Source material:
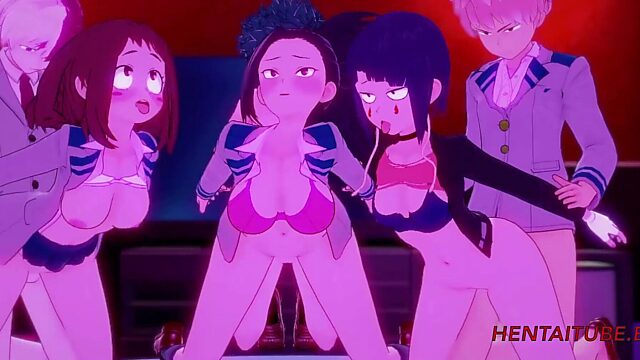 Blowjob Orgy with Japanese Hotties in 3D Hentai Cartoon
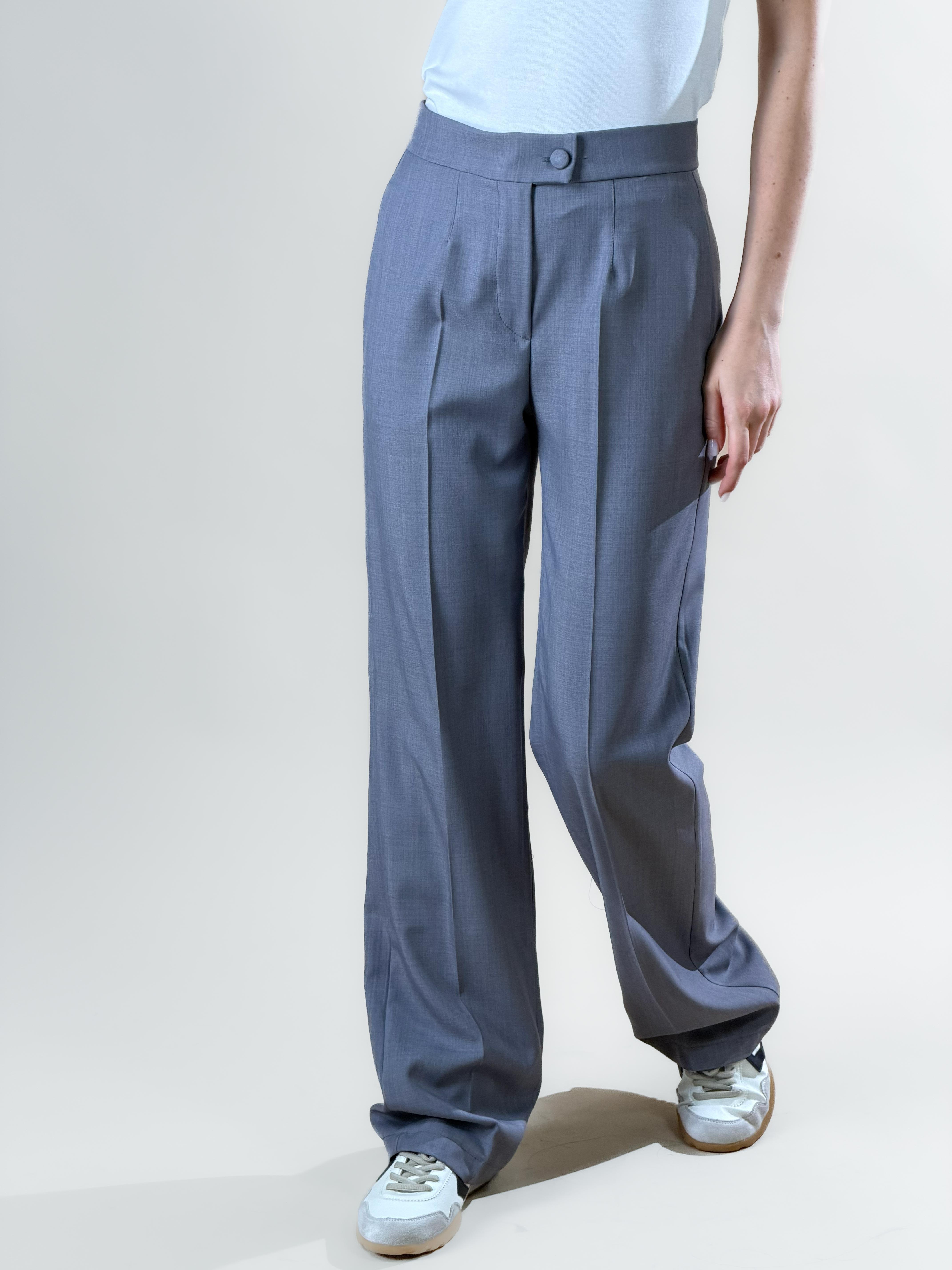 Pantalone palazzo con pinces|Colore:Grigio melange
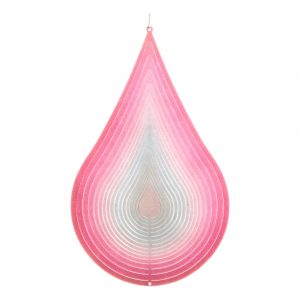 Silver pink drop wind spinner 30cm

Work item:
What you give back should be exactly the lines from the line holding "Pantalone palazzo con" through the final line of the material, both ends included, and please leave out the pictures.

Solution to the exercise:
 Pantalone palazzo con pinces|Colore:Grigio melange
 Silver pink drop wind spinner 30cm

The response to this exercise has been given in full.